Now you will probably ask what is the use of regression in every-day life? Well, it is very useful and this fact can be easily proven. Let’s assume that we want to buy or sell a second-hand car or a flat or a mobile phone. We are wondering what may be the cost of a 5-year-old Volkswagen Passat with average equipment. Portals offering second-hand cars will display hundreds of sale offers. We can download that data and search for a relationship between a car’s age and its price. What would we discover? If we plot price logarithm against the cars’ age, a beautiful linear relationship will appear to our eyes. Where does this logarithm come from? It turns out that value of the cars drops with every year by a fixed percentage, which is around 15% (the exact value depends on the make and equipment). After a year a car’s price falls by 15%, after two years it falls by 27,8% (how come such percentage? here compound interest comes in handy), after three years by 38,6% and so on. However, when we take the logarithm of both sides of the price, compound interest changes into a linear relationship allowing us to quickly estimate the prices of second-hand cars.

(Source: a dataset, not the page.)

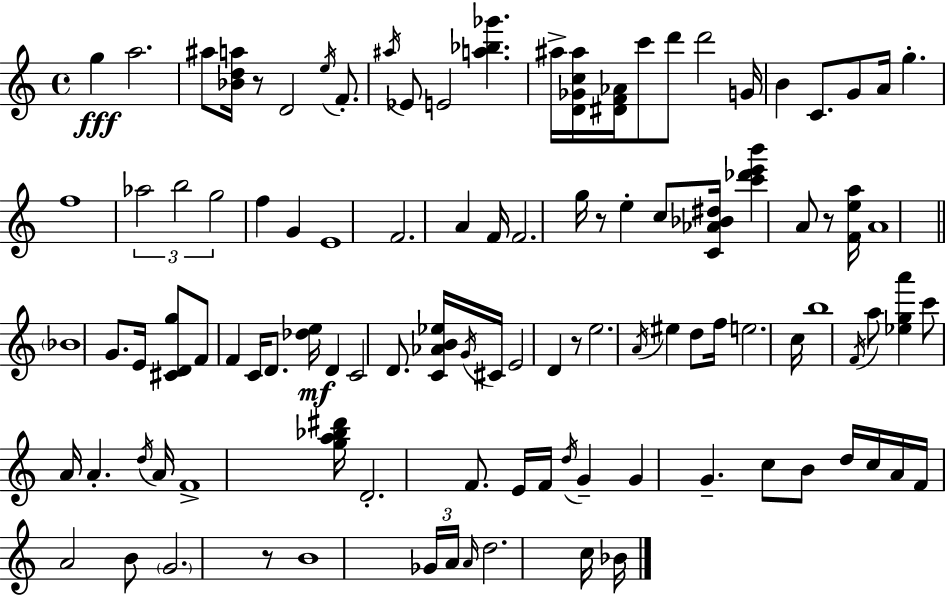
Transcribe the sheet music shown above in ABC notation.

The following diagram presents the relation between price expressed in exponential scale displayed on OY axis and car’s year of manufacture displayed on OX axis. The data was downloaded from otomoto.pl portal.
However, not every relationship is linear. Continuing the subject of second-hand cars, let us look at a very interesting relation between mileage and year of manufacture.
We would expect that mileage should increase in proportion to age of cars. If a certain number of kilometers was covered in a given year, then during two years the double number of kilometers should be covered, right? Interestingly, when we examine a chart presenting relation between mileage and age of cars, we observe a different trend for cars under 5 and a different trend for older vehicles. Young cars increase their mileage with rate of 20-25 thousand kilometers a year but after 5 years their mileage starts to increase by only 10-15 thousand kilometers a year. This dependence may result from difference in behavior of owners of older cars (sales representatives cover the highest number of kilometers and it is this group which most often drives new cars which are later on sold to new owners) or difference in behavior of sellers (they reduce mileage of the cars with high mileage and in case of older cars no service booklet is kept which would stand as a proof of manipulation).
We need to be careful when we search for relationships between variables. The fact that two variables seem dependent does not necessarily mean that one is a cause of the other. For example, when we analyze data about birth rate and number of stork nests in different villages in Poland, it turns out that there is a very strong dependence between these two values. The more nests, the more children! However, this does not prove that storks bring babies. So what does this prove? The bigger the village, the more houses, roofs, poles and other place for nests it has. On the other hand, more houses and people mean more children, obviously. This is why the number of children and the number of storks are related – they depend on the number of habitations.